INPUT DATA:
────────

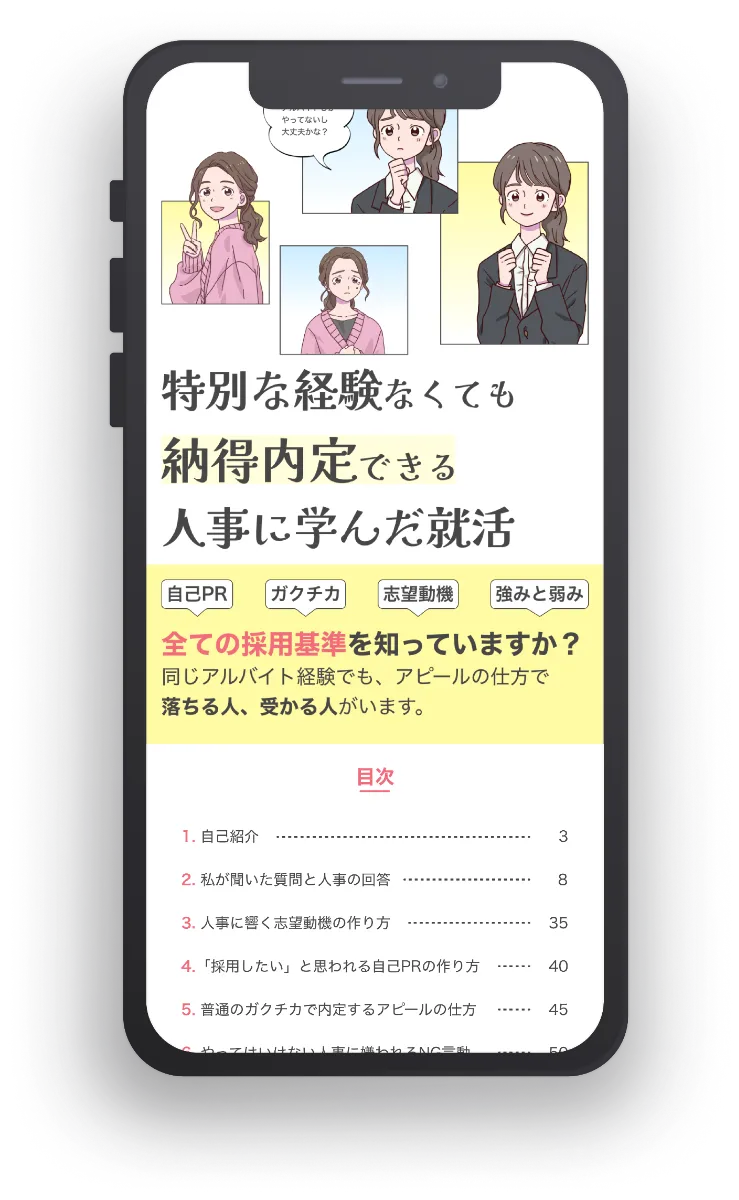 就活チェックリスト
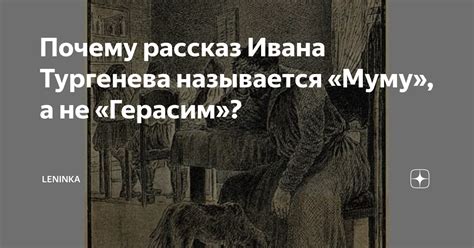 Почему Тургенев выбрал название "Муму" для рассказа, а не "Герасим"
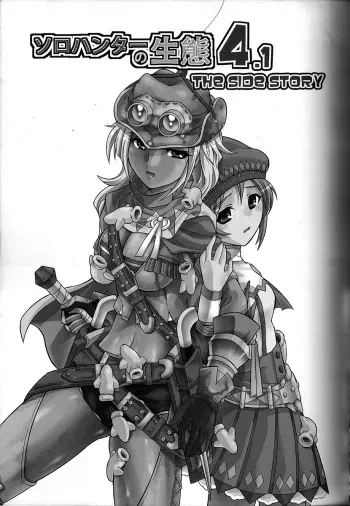 (C83) [Yokohama Junky (Makari Tohru)] Solo Hunter no Seitai 4.1 THE SIDE STORY (Monster Hunter) manga cover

────────

WHAT IS REQUIRED: Copy, without the pictures, exactly the lines from the line with "Почему Тургенев выбрал" through the end of the material above, both ends included.

RESPONSE:
 Почему Тургенев выбрал название "Муму" для рассказа, а не "Герасим"
 (C83) [Yokohama Junky (Makari Tohru)] Solo Hunter no Seitai 4.1 THE SIDE STORY (Monster Hunter) manga cover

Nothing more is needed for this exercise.